Pourtant, une étude de l'Institut national de la consommation (INC) de novembre dernier montre que le prix des produits en vrac est souvent plus élevé que celui des produits emballés. Qu'en est-il ?
Historiquement, le vrac est né dans les circuits bio, il y a une quarantaine d'années, car les chaînes ont voulu proposer une offre moins chère. Aujourd'hui, dans ces magasins, les produits en vrac sont moins chers. C'est le résultat d'une décision stratégique des chaînes. En effet, si le vrac était plus cher que les produits emballés, les consommateurs ne l'achèteraient pas. Mais il est vrai que ce mode de distribution nécessite plus de main d’œuvre : il implique 1,85 ETP(équivalent temps plein) dans un magasin, contre 1 lorsque les produits sont préemballés. Et au delà de la main d’œuvre, la question du prix du vrac est aussi liée à celle de la maturité, de la taille critique du marché. Et pour l'instant, le vrac est encore peu développé hors des circuits bio. Toutefois, en 2020, de grandes marques ont lancé des expérimentations avec Babibel, Kellogs ou Lutti dans l'alimentation, ou L'Occitane et Mustela pour la cosmétique. Les distributeurs s'y intéressent aussi, comme par exemple Carrefour qui a lancé un « challenge innovation » auprès de start-up, pour améliorer l'expérience du vrac dans ses magasins. Plus le marché du vrac va se développer, plus les prix vont baisser...

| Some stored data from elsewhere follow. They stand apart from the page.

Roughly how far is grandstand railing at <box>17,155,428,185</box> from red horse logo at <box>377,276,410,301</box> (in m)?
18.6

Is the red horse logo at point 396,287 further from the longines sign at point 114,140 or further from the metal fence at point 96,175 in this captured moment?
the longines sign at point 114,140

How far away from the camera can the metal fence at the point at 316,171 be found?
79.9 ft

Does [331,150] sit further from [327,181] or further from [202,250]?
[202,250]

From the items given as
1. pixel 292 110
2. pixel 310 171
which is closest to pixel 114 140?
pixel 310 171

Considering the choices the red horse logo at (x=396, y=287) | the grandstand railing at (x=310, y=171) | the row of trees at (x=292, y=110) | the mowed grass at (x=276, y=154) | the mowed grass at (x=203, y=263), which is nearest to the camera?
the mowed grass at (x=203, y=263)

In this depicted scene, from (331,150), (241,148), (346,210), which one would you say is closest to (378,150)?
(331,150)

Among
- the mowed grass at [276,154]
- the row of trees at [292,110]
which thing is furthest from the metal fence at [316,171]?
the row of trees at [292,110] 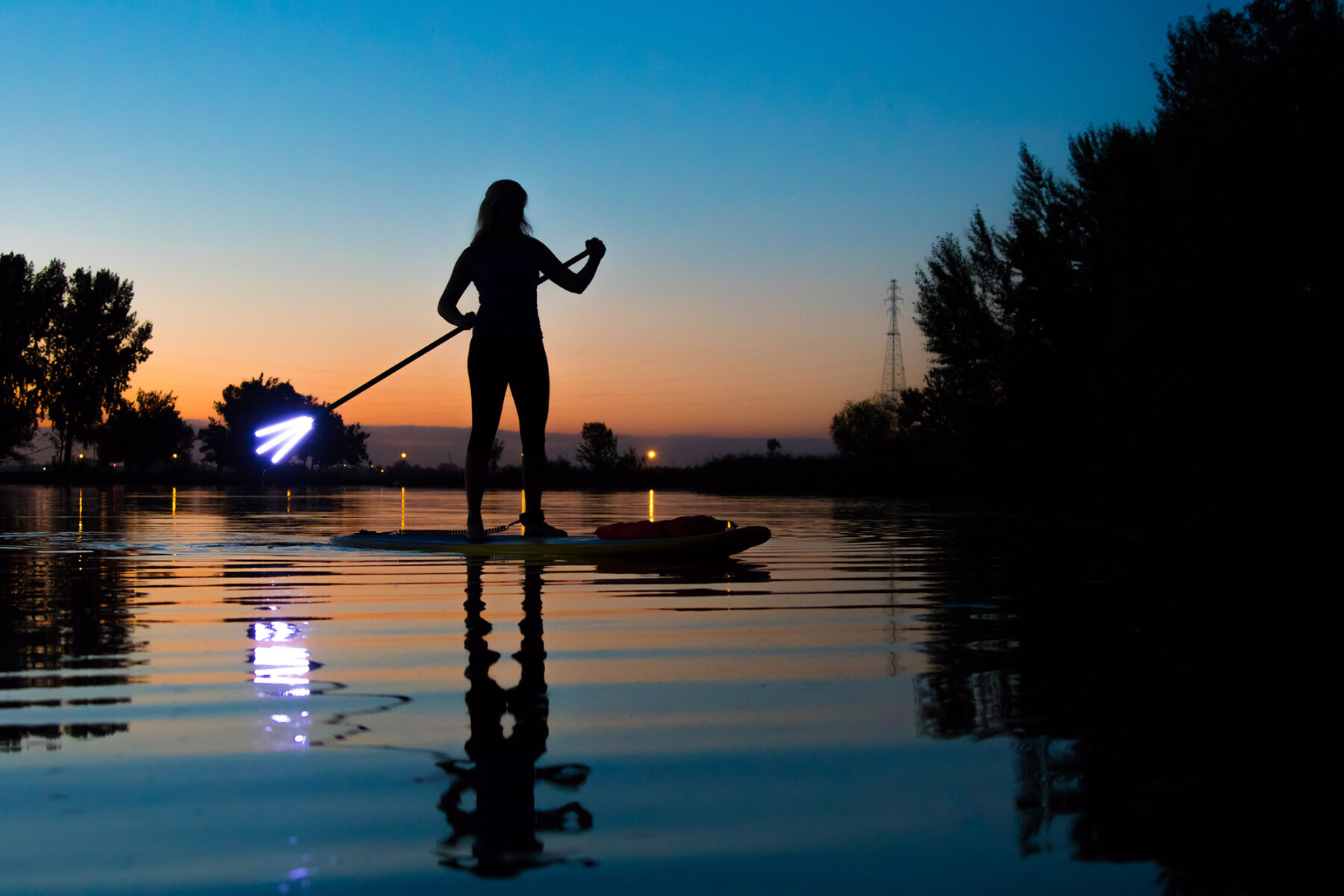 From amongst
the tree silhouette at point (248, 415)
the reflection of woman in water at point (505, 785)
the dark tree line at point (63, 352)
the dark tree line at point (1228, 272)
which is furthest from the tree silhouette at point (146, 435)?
the reflection of woman in water at point (505, 785)

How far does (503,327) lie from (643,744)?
5085 millimetres

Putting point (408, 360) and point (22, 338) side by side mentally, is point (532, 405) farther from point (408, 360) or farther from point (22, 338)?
point (22, 338)

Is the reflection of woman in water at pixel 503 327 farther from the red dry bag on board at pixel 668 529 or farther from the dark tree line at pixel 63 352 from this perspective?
the dark tree line at pixel 63 352

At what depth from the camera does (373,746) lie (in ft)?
6.66

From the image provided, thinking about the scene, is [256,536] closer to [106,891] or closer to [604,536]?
[604,536]

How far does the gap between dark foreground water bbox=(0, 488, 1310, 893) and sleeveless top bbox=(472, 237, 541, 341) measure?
8.68 ft

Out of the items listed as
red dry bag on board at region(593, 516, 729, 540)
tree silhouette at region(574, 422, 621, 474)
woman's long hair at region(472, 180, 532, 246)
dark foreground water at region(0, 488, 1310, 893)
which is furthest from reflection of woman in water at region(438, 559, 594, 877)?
tree silhouette at region(574, 422, 621, 474)

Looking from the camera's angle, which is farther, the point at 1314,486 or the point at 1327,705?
the point at 1314,486

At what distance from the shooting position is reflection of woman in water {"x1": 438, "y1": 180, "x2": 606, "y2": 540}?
272 inches

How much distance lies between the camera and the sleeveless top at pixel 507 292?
6891 millimetres

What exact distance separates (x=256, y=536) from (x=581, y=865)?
872 cm

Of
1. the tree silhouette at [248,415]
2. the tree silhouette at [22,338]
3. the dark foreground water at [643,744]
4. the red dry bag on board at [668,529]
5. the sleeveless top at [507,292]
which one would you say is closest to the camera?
the dark foreground water at [643,744]

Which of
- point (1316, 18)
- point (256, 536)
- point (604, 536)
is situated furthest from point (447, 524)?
point (1316, 18)

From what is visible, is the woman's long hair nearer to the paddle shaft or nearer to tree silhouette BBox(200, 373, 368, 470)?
the paddle shaft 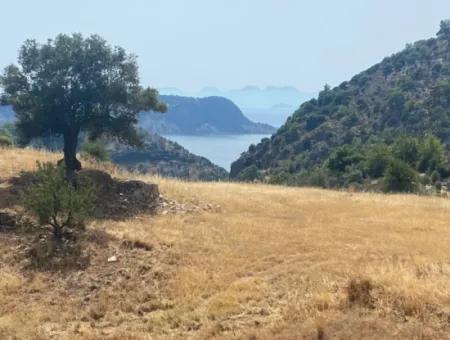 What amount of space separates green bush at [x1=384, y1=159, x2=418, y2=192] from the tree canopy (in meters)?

Au delà du surcoût de main d’œuvre, y a-t-il d' autres différences structurelles entre le marché du vrac et celui des produits emballés ?
Oui. Les marchés du vrac et du non vrac ne sont pas sur un pied d'égalité, et cela constitue un véritable souci. Aujourd'hui, en effet, le coût d'un emballage n'est pas payé à son juste prix, par rapport aux externalités négatives qu'il produit. Il est vrai qu'il existe des écotaxes. Toutefois, une étude récente du WWF [Fonds mondial pour la nature] a montré que le prix du plastique pour les emballages devrait être multiplié par dix pour intégrer réellement toutes ses externalités négatives, notamment environnementales. Les pouvoirs publics devraient l'imposer. Cela aurait pour effet d'augmenter la compétitivité des prix de la filière vrac. C'est l'une des propositions prioritaires que nous portons dans le cadre de l'élection présidentielle, afin de favoriser le développement du marché du vrac. Aujourd'hui, celui-ci pèse 1,3 milliard d'euros et compte environ 11 millions de clients.